Aujourd’hui, rien de tout cela ne l’intéressait. Salomé ne salivait pas à l’idée de goûter les maquereaux cuits à la braise, sur lesquels le vent apportait un peu de poussière pour parfaire l’assaisonnement. Sa mère disait que c’était plein de microbes, que c’était sale. Mais elle disait aussi qu’il ne fallait pas avaler les pépins des oranges, de peur qu’un oranger vous pousse sur la tête. Salomé, excitée à la pensée d’un arbre prenant racine au milieu de son crâne, avait fréquemment défié l’interdit. En vain. Depuis, elle n’accordait qu’un crédit relatif aux dires de sa mère.
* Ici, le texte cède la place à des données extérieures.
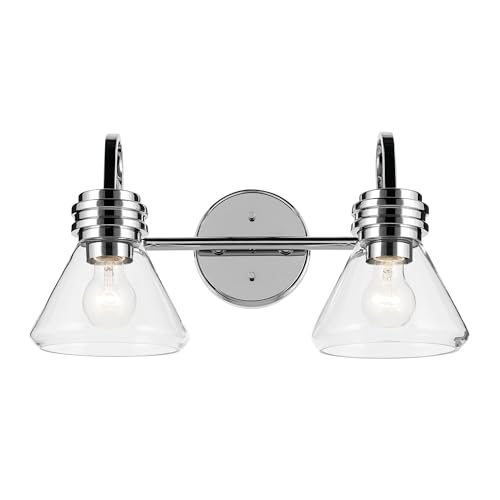 Image of Kichler Farum 19.25 inch 2-Light Bathroom Vanity Light Fixture with Clear Glass in Chrome for Mirror, Modern Wall Mount Lighting Over Vanity (19.25 inch W x 9.5 inch H), 55154CHCLR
Pourtant, c’était la parole maternelle qui la troublait ce soir, lui gâchant le plaisir de l’observation. Quelques mots énoncés avec mépris, d’une voix sèche : « Ce sont nos gens, je leur parle comme il sied. Ils peuvent s’estimer heureux d’avoir été admis dans la famille… » Salomé se leva, fit quelques pas vers la maison, s’arrêta sous le manguier dont une chauve-souris avait croqué des fruits encore verts. Elle avait un peu peur de rentrer. « Ce sont nos gens. » Ces mots lui pesaient sur le cœur. Pourquoi ? Elle n’aurait pu le dire. Il lui venait simplement une intuition. Comme un soupçon. Elle devait savoir. Comprendre. Demain, elle irait interroger sa mère.